Published : Aug 21, 2024 11:00 IST - 5 MINS READ

Shi’ite Muslims carry a tazia, or a replica of the coffin of Imam Hussein, during a Muharram procession on Ghoramara Island in the Sunderbans delta of West Bengal on September 22, 2018.

Shi’ite Muslims carry a tazia, or a replica of the coffin of Imam Hussein, during a Muharram procession on Ghoramara Island in the Sunderbans delta of West Bengal on September 22, 2018. | Photo Credit: RUPAK DE CHOWDHURI/ Reuters

This novel is an unsparing indictment of the people of Sadnahati, a fictional Muslim-majority village in West Bengal. One wonders whether it is ill-timed, given the persecution faced by Muslims all over India. However, the point of Ismail Darbesh’s novel is precisely this: to resist the harassment of Muslims by reclaiming the space snatched away from them, the space where they stand as they are, complete with their failures and idiosyncrasies.

Darbesh, who belongs to a family of traditional garment-makers in West Bengal’s Howrah, writes as an insider.
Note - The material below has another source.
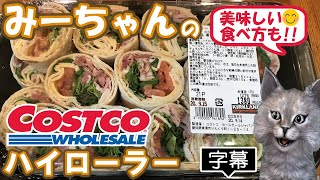 【字幕付き】コストコの定番商品！ハイローラー B.L.T.の紹介です！！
He takes back Muslim people’s right to nuance, to a complex critique of their own community. “Sadnahati was a predominantly Muslim village,” he writes. “And so, the problems of this village were basically the problems of Muslims.”

Talashnama: The Quest
By Ismail Darbesh, translated by V. Ramaswamy
HarperCollins India
Pages: 572
Price: Rs.699

What is now a nearly 600-page English novel began as a series of Facebook posts written in Bengali. Apart from its theological preoccupation, the story has all the elements known to capture the public imagination (perhaps this is the reason behind its success among social media users): a love triangle of sorts, heroes and their faux pas, sparring factions among Muslims, disputes over mosque land, a minor skirmish leading to a riot on an eidgah (an open space reserved for Eid prayers), another narrowly averted riot following an interfaith marriage and elopement, familial conflicts, violence, and betrayal.

The central drama of the novel is spun around Riziya and Maruf, who are progressive Muslims; Tahirul, the imam who has his moments in the light but ends up squandering them; and Suman, a secular Hindu who gradually regresses into conservatism. Suman belongs to Jogipara, a neighbourhood of Sadnahati with a number of Hindu households.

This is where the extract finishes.